Chesapeake is subject to other legal proceedings and claims which arise in the ordinary course of business. In our opinion, the final resolution of these proceedings and claims will not have a material effect on the company.

Employment Agreements with Officers

Chesapeake has employment agreements with its chief executive officer, chief operating officer, chief financial officer and other executive officers, which provide for annual base salaries, various benefits and eligibility for bonus compensation. The agreement with the chief executive officer has a term of five years commencing January 1, 2008. The term of the agreement is automatically extended for one additional year on each December 31 unless the company provides 30 days notice of non-extension. In the event of termination of employment without cause, the chief executive officer’s base compensation (defined as base salary plus bonus compensation received during the preceding 12 months) and benefits would continue during the remaining term of the agreement.
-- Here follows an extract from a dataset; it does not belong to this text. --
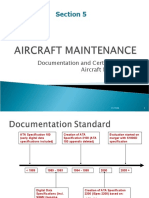 5 Documentand Cert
The chief executive officer is entitled to receive a payment in the amount of three times his base compensation upon the happening of certain events following a change of control. The agreement further provides that any stock-based awards held by the chief executive officer and deferred compensation will immediately become 100% vested upon termination of employment without cause, incapacity, death, or retirement at or after age 55, and any unexercised stock options will not terminate as the result of termination of employment. The agreements with the chief operating officer, chief financial officer and other executive officers expire on September 30, 2009. These agreements provide for the continuation of salary for one year in the event of termination of employment without cause or death and, in the event of a change of control, a payment in the amount of two times the executive officer’s base compensation. These executive officers are entitled to continue to receive compensation and benefits for 180 days following termination of employment as a result of incapacity. Any stock-based awards held by such executive officers will immediately become 100% vested upon termination of employment without cause, a change of control, death, or retirement at or after age 55.

Environmental Risk

Due to the nature of the natural gas and oil business, Chesapeake and its subsidiaries are exposed to possible environmental risks. Chesapeake has implemented various policies and procedures to avoid environmental contamination and risks from environmental contamination. Chesapeake conducts periodic reviews, on a company-wide basis, to identify changes in our environmental risk profile. These reviews evaluate whether there is a contingent liability, its amount, and the likelihood that the liability will be incurred. The amount of any potential liability is determined by considering, among other matters, incremental direct costs of any likely remediation and the proportionate cost of employees who are expected to devote a significant amount of time directly to any possible remediation effort. We manage our exposure to environmental liabilities on properties to be acquired by identifying existing problems and assessing the potential liability. Depending on the extent of an identified environmental problem, Chesapeake may exclude a property from the acquisition, require the seller to remediate the property to our satisfaction, or agree to assume liability for the remediation of the property. Chesapeake has historically not experienced any significant environmental liability, and is not aware of any potential material environmental issues or claims at June 30, 2008.

Rig Leases

In a series of transactions in 2006, 2007 and 2008, our drilling subsidiaries sold 80 drilling rigs and related equipment for $647 million and entered into a master lease agreement under which we agreed to lease the rigs from the buyer for initial terms of seven to ten years for rental payments of approximately $90 million annually. The lease obligations are guaranteed by Chesapeake and its other material subsidiaries. These transactions were recorded as sales and operating leasebacks and any related gain or loss will be amortized to service operations expense over the lease term. Under the rig leases, we have the option to purchase the rigs in 2013 or on the expiration of the lease term for a purchase price equal to the then fair market value of the rigs. Additionally, we have the option to renew the rig lease for a negotiated renewal term at a periodic rental equal to the fair market rental value of the rigs as determined at the time of renewal. As of June 30, 2008, Chesapeake’s drilling subsidiaries had contracted to acquire 26 rigs to be constructed during 2008. The total remaining cost of the rigs is estimated to be approximately $335 million. Our intent is to sell and lease back those rigs as they are delivered. Commitments related to rig lease payments are not recorded in the accompanying condensed consolidated balance sheets. As of June 30, 2008, the minimum aggregate future rig lease payments were approximately $628 million.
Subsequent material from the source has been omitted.